The first image displayed was Edvard Munch’s “The Scream.”
Not only did I recognize it instantly because it’s a well-known piece, but also because we had recently discussed it in one of my classes.
In my Theatre and Culture class Thursday, we discussed expressionism.
We talked about how it started with literature and paintings such as “The Scream,” but eventually worked its way into music as well.
Paintings during the period of expressionism in the early 20th century were more focused on personal interpretation to reflect the inner state over accuracy, and music followed a similar pattern.

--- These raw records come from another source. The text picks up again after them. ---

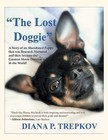 The Lost Doggie: A Story of an Abandoned Puppy That Was Rescued, Nurtured and Then Became the Greatest Movie Director in the World! by Diana P Trepkov (Paperback / softback, 2013)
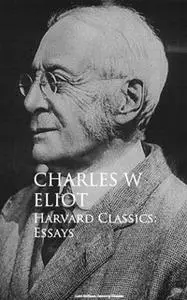 «Harvard Classics: Essays» by Charles W. Eliot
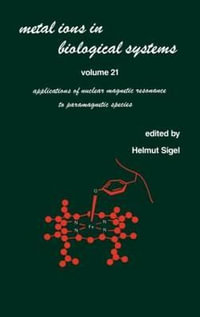 Metal Ions in Biological Systems : Volume 21: Applications of Magnetic Resonance to Paramagnetic Species - Helmut Sigel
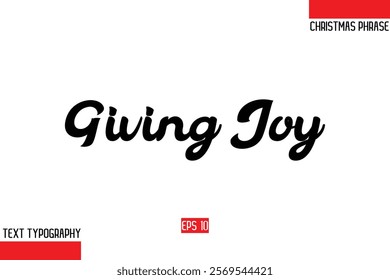 Christmas Gift Text Saying Typography Giving Joy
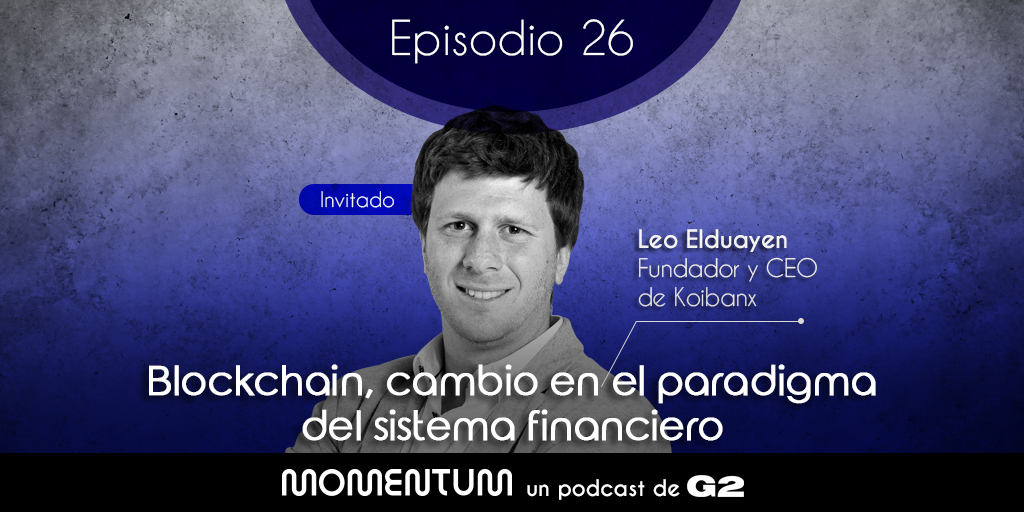 26: Blockchain, cambio en el paradigma del sistema financiero | Leo Elduayen - Koibanx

“The Scream” doesn’t depict reality. Most of the lines are wavy, smeared and blurred.
The picture is distorted, which is typical of expressionism. This distortion translates to music that isn’t easy to listen to. Other pictures from the same period were shown before the Philharmonic played Schoenberg’s five pieces for orchestra.
I thought it was ironic and couldn’t believe that material I learned in class a few days prior was being discussed at the concert.
I feel like there are times where we sit in school and wonder if what we’re learning will ever be applicable to real life.
Although I didn’t really have to apply my knowledge during the concert, I was still appreciative of the fact that I had learned about expressionism in class and that I knew what Meyer was talking about. I didn’t feel lost or clueless on the subject matter.
So, although it may be tough to pay attention in class sometimes, it can be worth it in the end.